The justification for the second requirement was to ‘prevent a BTR owner from allocating only the lowest standard dwellings in a development as affordable dwellings.’ The explanatory material which accompanied Exposure Draft said the effect of the requirement was that an owner must offer at least one from every class of unit as an affordable dwelling – in effect, if there is to be a luxury penthouse, an affordable penthouse must also be offered.
The Bill has turned drafting of this second requirement on its head. The requirement is now, if a dwelling is to count as an ‘affordable dwelling’ the owner must offer at least one other non-affordable dwelling (with the same number of bedrooms and similar floor space in the building). In effect, all the penthouses can be luxury accommodation if the owner wishes, but if the owner does wish to count an ‘affordable’ penthouse toward the 10% affordable housing test, then at least one non-affordable penthouse must be offered. This should ensure a mix of affordable and non-affordable dwellings in each class if it is being offered as affordable housing.
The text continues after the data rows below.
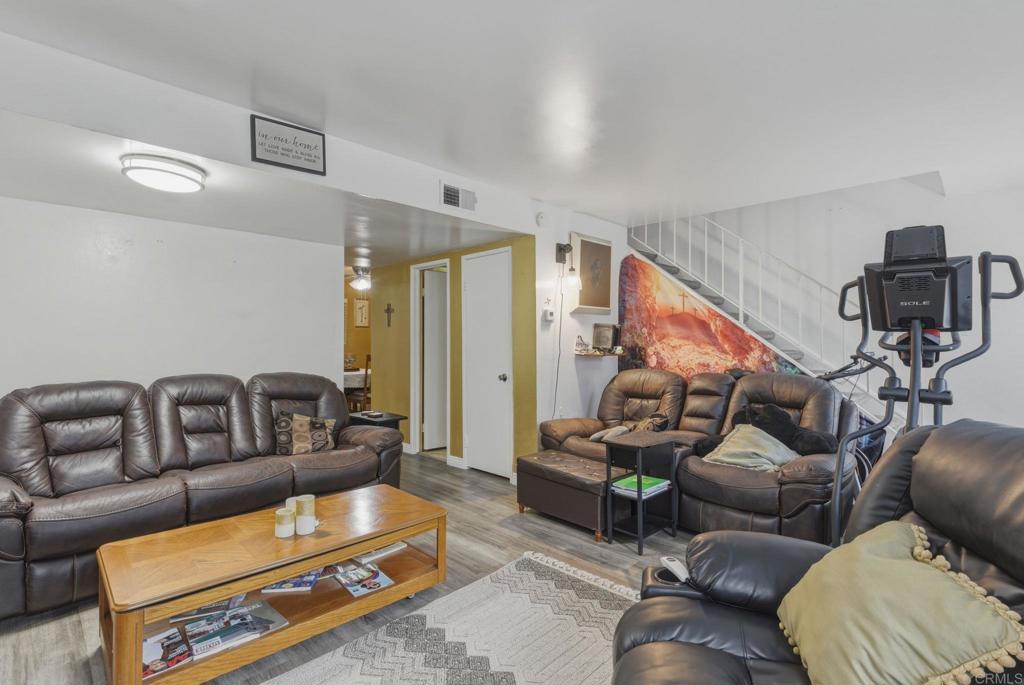 11911 Royal Road, Unit D El Cajon, CA 92021 - Photo 4 of 23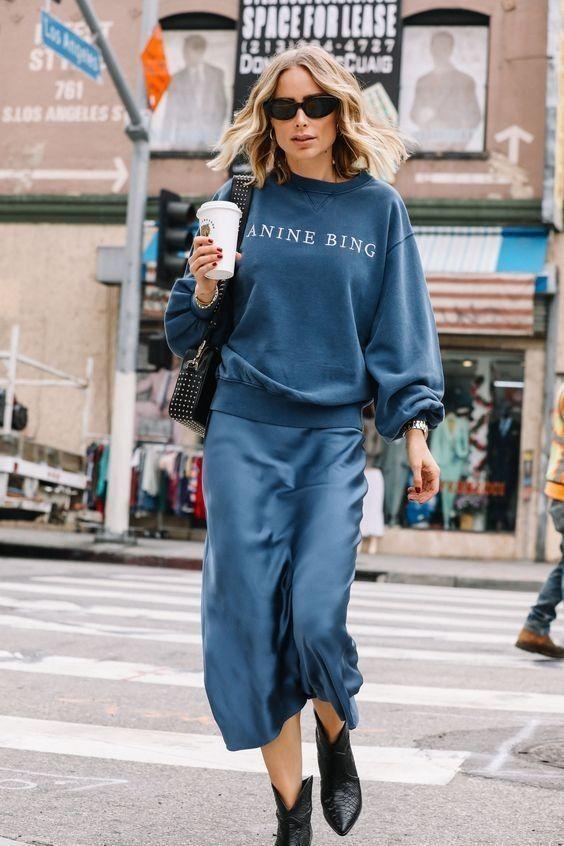 σατέν μπλε-φούστα-με-μπλε φούτερ-ιδέες-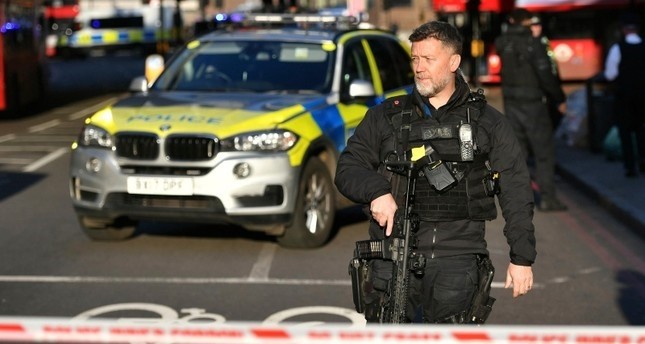 الشرطة البريطانية تعلن مقتل منفذ حادثة الطعن قرب جسر لندن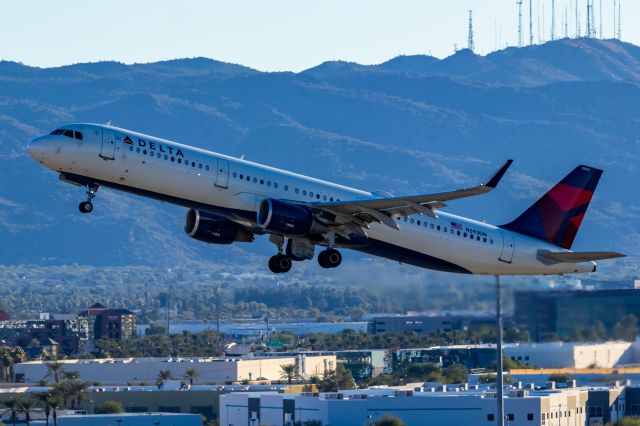 Airbus A321 (N393DN) - Delta Airlines A321 taking off from PHX on 11/6/22. Taken with a Canon 850D and Tamron 70-200 G2 lens.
(c) Leasing to low-income tenants
There was no express requirement in the Exposure Draft that a dwelling must be leased to a low-income tenant. Instead, there was a place marker: ‘the Minister may, by legislative instrument, determine requirements relating to the income of the tenant or prospective tenant …’ A ‘Policy Fact Sheet’ released with the Exposure Draft, indicated that affordable housing would have to be leased to a tenant whose (sole or family) income was less than a nominated percentage of annualised average weekly total earnings, and owners would ‘be required to assess initial and ongoing tenant eligibility.’
The Bill does not advance this matter, but the place marker survives. Regulations will undoubtedly appear once the Bill has been passed. A dedicated provision ensures meeting this income requirement will not breach another requirement: that the dwellings must be offered to ‘the public’, not just a segment of the public.
Some of the oddities in the Bill
The Bill also contains the usual number of imponderable provisions.
(a) Buildings, dwellings, common areas, and the rest
The Bill creates many demarcations which will mean apportionment headaches for BTR project developers.
The starting concept is a ‘building’, which is then subdivided into ‘part[s] of a building’, which are then subdivided into the parts of the building which are a ‘dwelling [and any] common areas for those dwellings’, which are then subdivided into the dwellings and common areas which are part of an ‘active build to rent development’ and those which are not.
There are demarcation problems right from the start. A ‘building’ is defined to include ‘any other buildings that are on the same or adjacent land’ which means an owner must decide whether its one new building is actually two buildings, or even more. There is no provision in the Bill which gives a way to answer that question. The EM seems to regard this provision as concessional – ‘if there are two towers on one plot of land and both are BTR … eligibility for the tax concessions can be met if the structures meet the eligibility criteria in aggregate.’ And combining the buildings in this way will make it easier to meet the 50 dwellings threshold.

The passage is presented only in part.